The ::= keyword introduces the so-called weak binding, or closure, which has already been amply discussed in this document.

EXAMPLE

!Polygen

S ::= Fruit and Fruit ;

Fruit ::= an apple | a mango | an orange ;

PRODUCES

an apple and an apple
an apple and a mango
an apple and an orange
a mango and an apple
a mango and a mango
a mango and an orange
an orange and an apple
an orange and a mango
an orange and an orange

The production associated to Fruit does not undergo an immediate generation but is closed together with the current environment according to scoping rules. Each occurrence of the Fruit symbol in a descending environment (or in the same one, as in the example) causes the generation of the associated production in the environment that was closed with it.

Suspensions {#sec:suspensions}

The := keyword introduces a second kind of binding, known as strong binding, suspension or assignment.

EXAMPLE

!Polygen

S ::= Fruit and Fruit ;

Fruit := an apple | a mango | an orange ;

PRODUCES

an apple and an apple
a mango and a mango
an orange and an orange

The production associated to Fruit is suspendend and closed together with the current environment according to scoping rules. During generation, at the first occurrence of the Fruit symbol in a descending environment (or in the same one, as in the example) the associated production is generated just once in the environment that was closed with it, and the immutable result of its generation is stored in the environment; every successive occurrence of the same non terminal will always produce the same result.

Please note that during its first generation the non terminal is still associated to the closure of the environment where it's being generated, and not (yet) to its suspension: this allows the use of recursion in strong binding deinitions.

EXAMPLE

!Polygen

S ::= A A ;

A := a | a ^ A ;

PRODUCES

a a
aa aa
aaa aaa
aaaa aaaa

etc.

Environment and Scoping {#sec:environment-scoping}

The environment is the context and ensemble of bindings (see [@sec:binding]), i.e., of the associations between non terminal symbols and series of productions. The environment can be populated either by top-level bindings or by those introduced by scope constructs.

Top-Level Environment

All the various examples discussed so far dealt with bindings (of various types) introduced at the top-level of a source file, separated by the ; keyword. As we've already mentioned, similar bindings are introduced into the (empty) environment according to a relation of mutual recursion: every production bound to a non terminal can reference any non terminal symbol which is defined at the top-level, be it upsteam or downstream, including the one the production itself is bound to.

EXAMPLE

!Polygen

S ::= S | A | B | s ;

A ::= S | A | B | a ;

B :=  S | A | B | b ;

It's easy to imagine the powerful potentials offered by this sytem.

Local Envirnoments

Within a subproduction (of any type) it's possible to introduce new bindings with local visibility: the subproduction's body (which consists of a series of productions) can be preceded by a series of semicolon-separated bindings, where the last ; separates the last binding from the subproduction's main body.

EXAMPLE

!Polygen

S ::= \i am (X := Adj; Very ::= very [Very]; X ^ "," maybe Very X | definitely Very Adj) and Adj ;

Adj ::= handsome | nice ;

PRODUCES

I am handsome, maybe very handsome and nice
I am handsome, maybe very handsome and handsome
I am handsome, maybe very ... handsome and nice
I am handsome, maybe very ... handsome and handsome
I am nice, maybe very nice and handsome
I am nice, maybe very nice and nice
I am nice, maybe very ... nice and handsome
I am nice, maybe very ... nice and nice
I am definitely very handsome and nice
I am definitely very handsome and handsome
I am definitely very .. handsome and nice
I am definitely very .. handsome and handsome

The visibility (or scope) of the various non terminals in the above example is clear: X and Very are local to the subproduction that defines them, while Adj is used by both the subproduction's body as well as by the body of S.

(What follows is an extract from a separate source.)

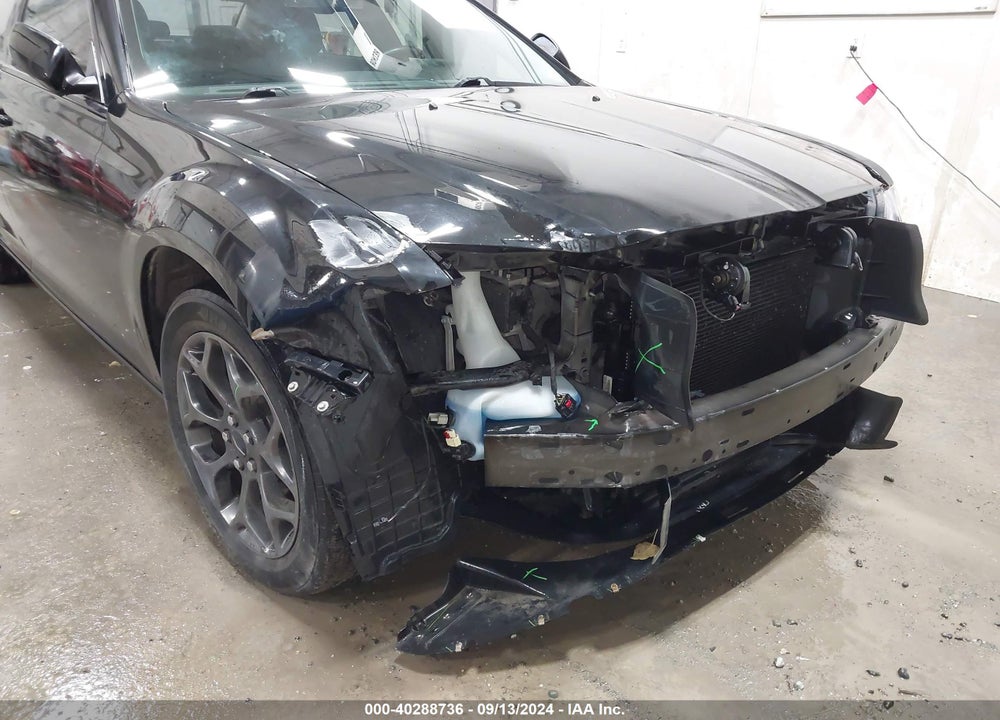 2018 CHRYSLER 300 TOURING AWD VIN: 2C3CCARG3JH292268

Pay close attention to how the scoping constructor is being used in conjuction with strong binding (see [@sec:suspensions]): symbol X is introduced locally, with the sole purpose of fixing the generation of Adj, which in the top-level environment is defined via a weak binding (see [@sec:closures]). The combined use of scopes with the various types of bindings is a powerful feature of the language, unleashing new possibilities for the engineering of grammars.

Also note that the above example doesn't rely on local bindings' mutual recursion, and that the same result could have been achieved by inserting 2 scopes:

EXAMPLE

!Polygen

S ::= \i am (X := Adj; (Very ::= very [Very]; X ^ "," maybe Very X | definitely Very Adj)) and Adj ;

Adj ::= handsome | nice ;

Nothing prevents a subproduction's body from being a subproduction itself: this allows populating the environment without creating a mutually recursive relation between the bindings.

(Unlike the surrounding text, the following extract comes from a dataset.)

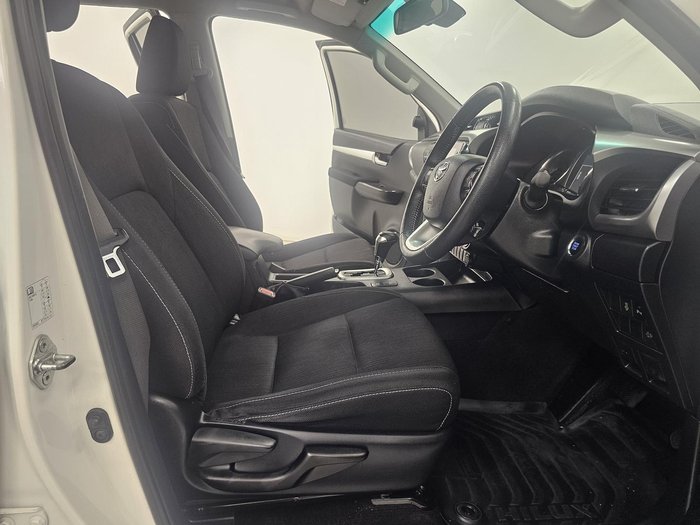 2021 Toyota Hilux SR5 GUN126R 4X4 Dual Range Glacier White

Finally, bear in mind that any type of subproduction can introduce local bindings.

Static Lexical Scoping

Scoping rules are at the same time strict and intuitive: every production is generated in the environment where it was defined. Even though environments can be populated with locally inserted bindings, it's not possible to use symbols defined in the current environment to generate a production defined elsewhere, even if these symbols are same-named.

EXAMPLE

!Polygen

S ::= (X ::= a | b; A) ;

A ::= X X ;

X := x | y ;

PRODUCES

x x
y y

Because of static scoping, the local binding of X, inside the subproduction of S, yelds no effect in the generation of A, because the latter was closed together with its environment of definition (see [@sec:closures]) --- i.e., the top-level environment, where X is bound to the x | y production.

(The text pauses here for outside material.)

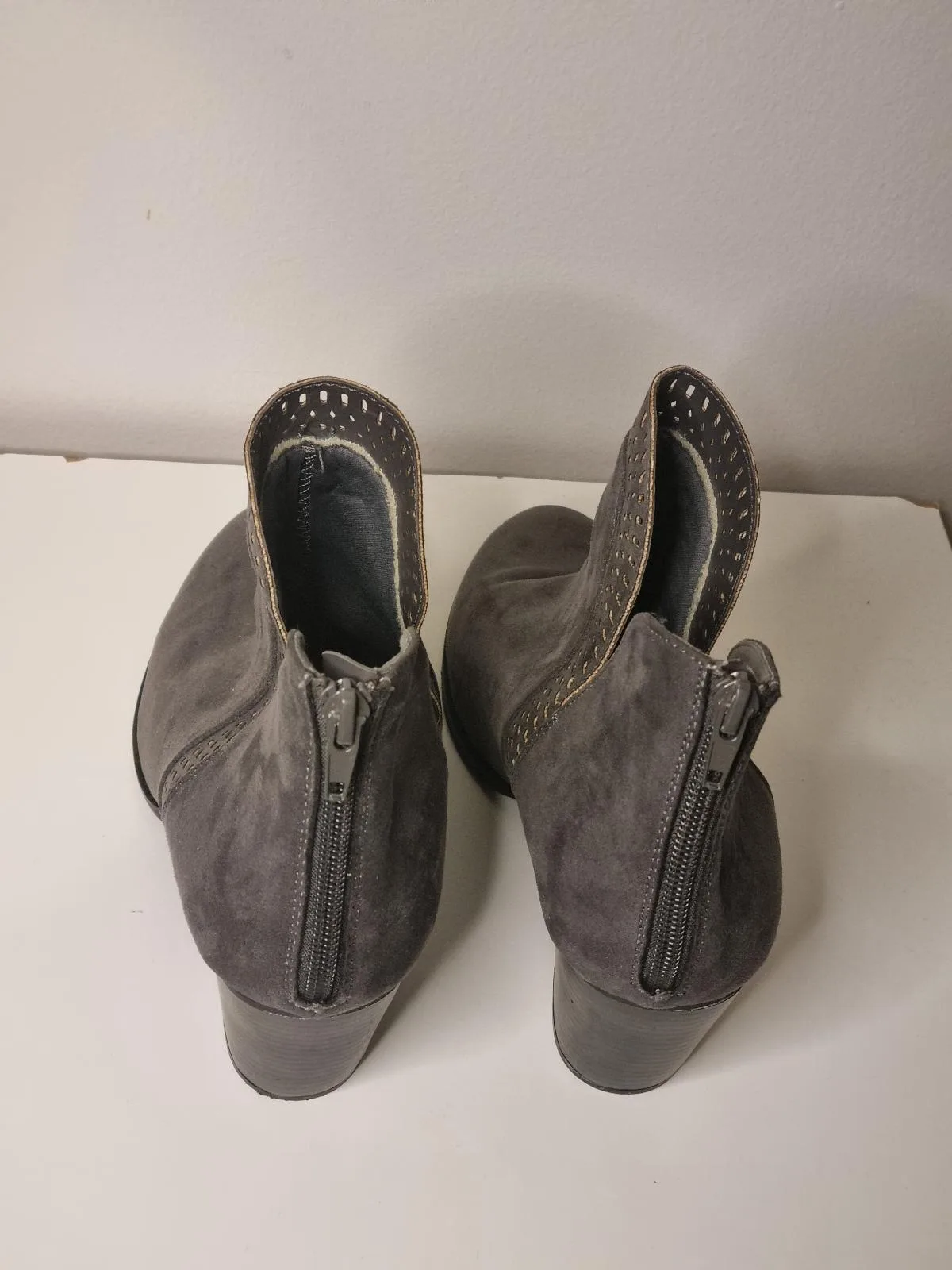 Charcoal grey cutout ankle boots – photo 3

Furthermore, lexical scoping rules allow overriding (or shadowing) bindings:

EXAMPLE

!Polygen

S ::= (X ::= a | b; (X ::= x | y; X)) ;

PRODUCES

x
y

Inside the second inserted subproduction, the external definition of X is not visible. Obviously, the same rules apply also to the top-level environment.

Bear also in mind that bindings are recursive, therefore you can't refer to a symbol's environment definition from within an override redefinition of the same symbol.

EXAMPLE

!Polygen

S ::= (X ::= a | b; (X ::= x [X]; X)) ;

PRODUCES

x
x x
x x x ...

The occurrence of X inside the second nested binding is thus seen as a recursion, not as a reference to the X of the parent environment.

Similarly, in presence of a series of binding related by mutual recursion:

EXAMPLE

!Polygen

S ::= (X ::= x [A]; A ::= a [X]; (X ::= y [A]; A ::= b [X]; X)) ;

PRODUCES

y b
y b y b
y b y b y b ...

Positional Generation

Even though labels are powerful and versatile, in most scenarios they're used just to filter a series of productions that specify disjointed syntactical cases of a given language --- common examples of such usage are: suffixes for articles, nouns and adjectives according to gender and number; or conjugation of verbs according to person, tense and mood.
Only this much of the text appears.